ISBN: 978-0-8032-8878-2
CHAPTER 1
Protestant Fatalism
Predestination as Emancipation
Well, if I frighten you, we can always go our own ways.
— Denis Diderot, Jacques the Fatalist
Predestined, why not?
— Jean-Paul Sartre, The Words
I got so much soul in me that I am barely alive.
— Every Time I Die, "Decayin' with the Boys"
Is There a Choice?
In 1525 Luther retaliated. His reply to Erasmus of Rotterdam was so drastic that the latter retorted, "You plunge the whole world into fatal discord." Their dispute concerned the question of free choice. Erasmus was for it, Luther against it. Luther thereby opposed any form of Aristotelianism, since for him Aristotelians derive their concept of justice from a human (ontic) context, where it normatively describes the appropriate way of acting, and transpose it onto the (ontological) doctrine of God. In so doing Aristotelians forget the ontic-ontological difference. They believe that human beings can contribute to their salvation by means of good works because God shares our normative standards (of justice and reason): there is thus continuity between man and God.
Luther countered such Aristotelianism by pointing out that it conflates man and God: it derives an image of God from the image of the human as a free being. For Luther, however, things are precisely the other way around: God works in us even against our will, which is why true faith never begins with free choice but with a forced reorientation of one's life. To believe is not to actualize a human capacity. Rather the origin of belief, as well as its direction, is God. The advent of faith constitutes a fundamental break in one's life and implies that one quits relying on good reasons and normative or objective capacities. Faith begins "only where the illusion of a remote 'inner world' is disturbed."
Luther here follows St. Paul. Belief emerges from a conversion experience similar to Paul's on the road to Damascus. There is no inner realm (of freedom) from which faith can emerge. Rather "my 'inner' approaches me radically from 'the outer.'" I experience faith only when I encounter God, and I am thus forced to renew myself. This is why anyone who thinks he is free (in matters of faith) and who believes that his or her freedom is manifested in deliberately decided actions is ultimately an Aristotelian (i.e., a nonbeliever). In true faith one encounters an abyss of despair while traversing the illusion that one has anything (objectively) at one's disposal — one learns to break with the idea of freedom as something one possesses. Nothing guarantees salvation, not even incessant striving for good works. On the contrary, if I presume that my works can influence God's judgment and that there is a common measure between man and God, I end up committing blasphemy.

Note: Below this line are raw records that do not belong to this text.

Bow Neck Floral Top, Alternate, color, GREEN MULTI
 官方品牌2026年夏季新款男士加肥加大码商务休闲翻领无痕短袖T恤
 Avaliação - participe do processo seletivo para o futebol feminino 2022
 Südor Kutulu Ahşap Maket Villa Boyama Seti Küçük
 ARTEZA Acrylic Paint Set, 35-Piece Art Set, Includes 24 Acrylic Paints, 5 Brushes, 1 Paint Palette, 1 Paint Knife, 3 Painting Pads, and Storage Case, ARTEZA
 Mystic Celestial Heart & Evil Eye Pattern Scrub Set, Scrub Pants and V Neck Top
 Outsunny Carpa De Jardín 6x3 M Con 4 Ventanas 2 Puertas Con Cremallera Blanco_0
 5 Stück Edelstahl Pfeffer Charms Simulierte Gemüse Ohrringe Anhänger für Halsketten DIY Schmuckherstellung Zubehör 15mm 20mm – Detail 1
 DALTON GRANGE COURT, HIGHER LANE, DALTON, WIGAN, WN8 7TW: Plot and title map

The one who is truly free does not identify freedom with a given capacity, but instead experiences the despair that there is nothing we can do to achieve what we do not even know how to properly strive for. This is the precondition for encountering God, an encounter that forces us to believe "where [such an] event happens, a fresh breeze overthrows my life." Faith results from encountering something that I would not have believed to be possible before experiencing it. In other words, we do not have the freedom to start believing in something. Freedom is rather that which becomes absolutely necessary for me, but only after an event of faith. Faith strikes me contingently. It seems to be something ungrounded, solely depending on God's will. It seems to result from an absolute necessity and forces me to believe. I have no power against God's will. Freedom and belief result from an event of grace. Franz Rosenzweig rightly stated that Luther's believer "has neither belief nor unbelief, but both ... happen to him." Hence there is no free will.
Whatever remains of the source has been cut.